It may be, therefore, that dragons could have fallen to a more primitive state in the Second Age, deprived of the will of Morgoth, and that Sauron made use of them in the East to establish his control over Men and Orcs. But though he would have used the power of the One Ring to control his servants by the time of the War of the Elves and Sauron, he may not have had sufficient time to raise dragons back to their primal state. If he utilized them in the war, then brave deeds by Elves, Dwarves, and Men against dragons could have reset the clock. That is, while still little more than great beasts, powerful and terrifying in their native state, dragons would not have possessed the cunning and malice of a Glaurung or Ancalagon.

Sauron could have miscalulated and simply used up his dragon-stock too soon, depriving himself of potential great servants and captains.

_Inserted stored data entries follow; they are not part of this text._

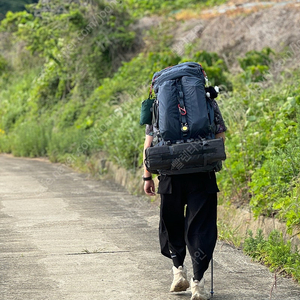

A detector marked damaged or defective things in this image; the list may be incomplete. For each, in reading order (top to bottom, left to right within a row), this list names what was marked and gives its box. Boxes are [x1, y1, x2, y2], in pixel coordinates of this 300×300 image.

cracked concrete surface [0, 155, 300, 300]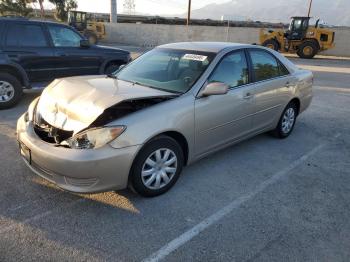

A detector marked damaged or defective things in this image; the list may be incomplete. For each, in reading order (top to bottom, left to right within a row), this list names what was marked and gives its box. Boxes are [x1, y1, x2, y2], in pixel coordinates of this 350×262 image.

broken headlight [65, 126, 126, 149]
crumpled hood [37, 75, 174, 133]
damaged toyota camry [16, 41, 314, 196]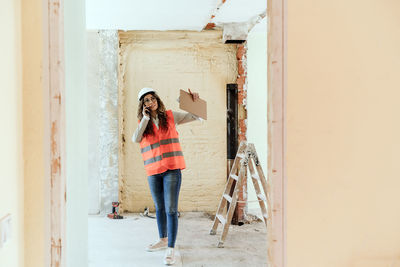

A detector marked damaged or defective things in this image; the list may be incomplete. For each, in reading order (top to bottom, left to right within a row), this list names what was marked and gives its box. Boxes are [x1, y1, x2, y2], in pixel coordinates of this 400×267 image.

damaged wall [87, 30, 119, 215]
damaged wall [118, 29, 238, 214]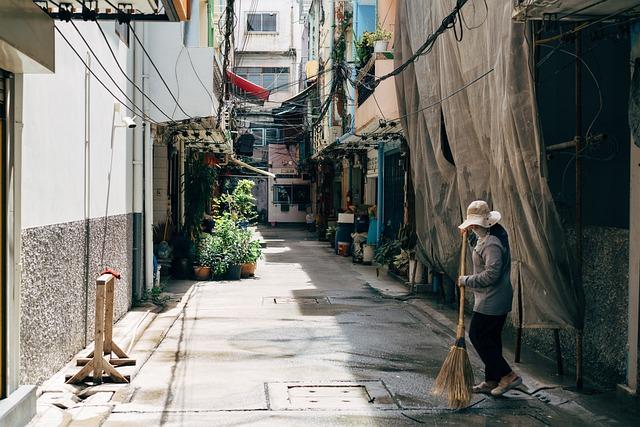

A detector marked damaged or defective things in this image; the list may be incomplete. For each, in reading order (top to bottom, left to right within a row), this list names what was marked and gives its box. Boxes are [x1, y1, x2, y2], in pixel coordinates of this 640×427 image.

cracked wall surface [20, 216, 132, 386]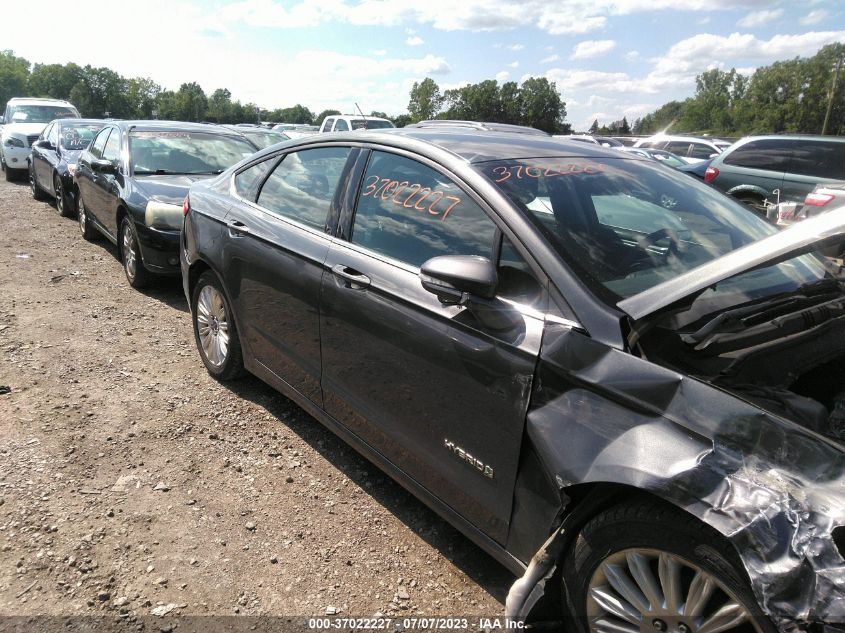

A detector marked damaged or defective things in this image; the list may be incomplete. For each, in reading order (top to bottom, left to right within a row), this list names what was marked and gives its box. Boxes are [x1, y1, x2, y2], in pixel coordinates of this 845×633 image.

gray damaged sedan [180, 126, 845, 628]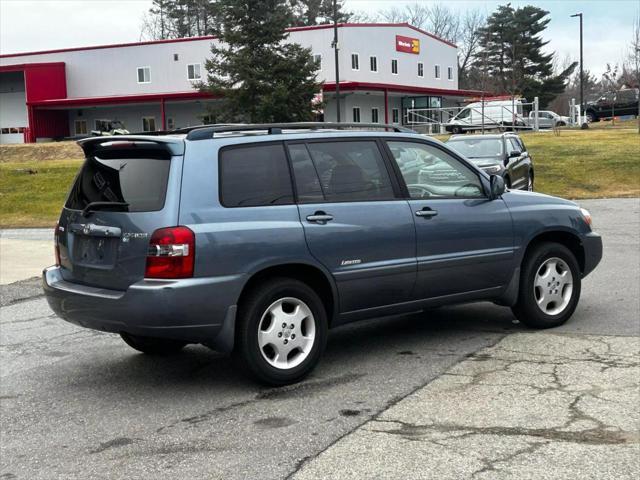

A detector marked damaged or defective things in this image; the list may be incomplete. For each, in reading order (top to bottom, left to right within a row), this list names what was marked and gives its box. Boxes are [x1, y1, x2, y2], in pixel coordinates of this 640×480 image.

cracked pavement [0, 197, 636, 478]
cracked pavement [294, 334, 640, 480]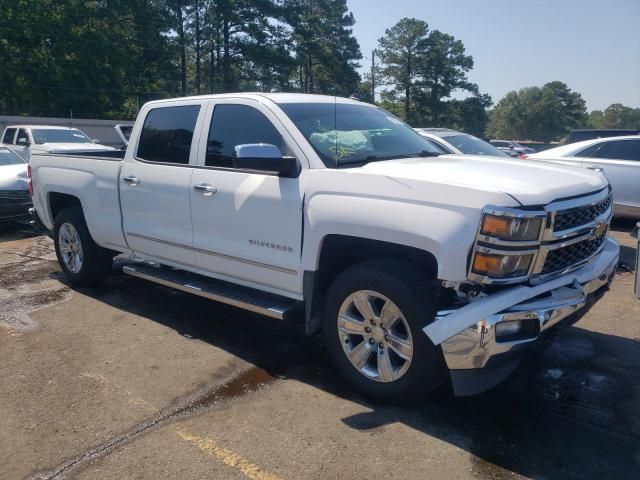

Hence, if the dragons were reduced to weak and simple-minded creatures without Morgoth’s will, the loss of great numbers of dragons in the War of the Elves and Sauron could have forced Sauron to turn his attention to other means of extending his power. By the end of the Second Age, when Sauron was moving against Gondor, dragons may no longer have fit into his plans.

So, one can easily surmise there must have been battles with dragons in the Second Age, perhaps even grand battles where the dragons served as powerful war beasts much like elephants in the classical world (or the Oliphaunts of the Southrons in The War of the Ring). But these dragons lacked the great intellect of the more powerful creatures of legend. They would eventually recover that malice and cunning, and breed true to their kind. But it would be thousands of years before they could achive their comeback.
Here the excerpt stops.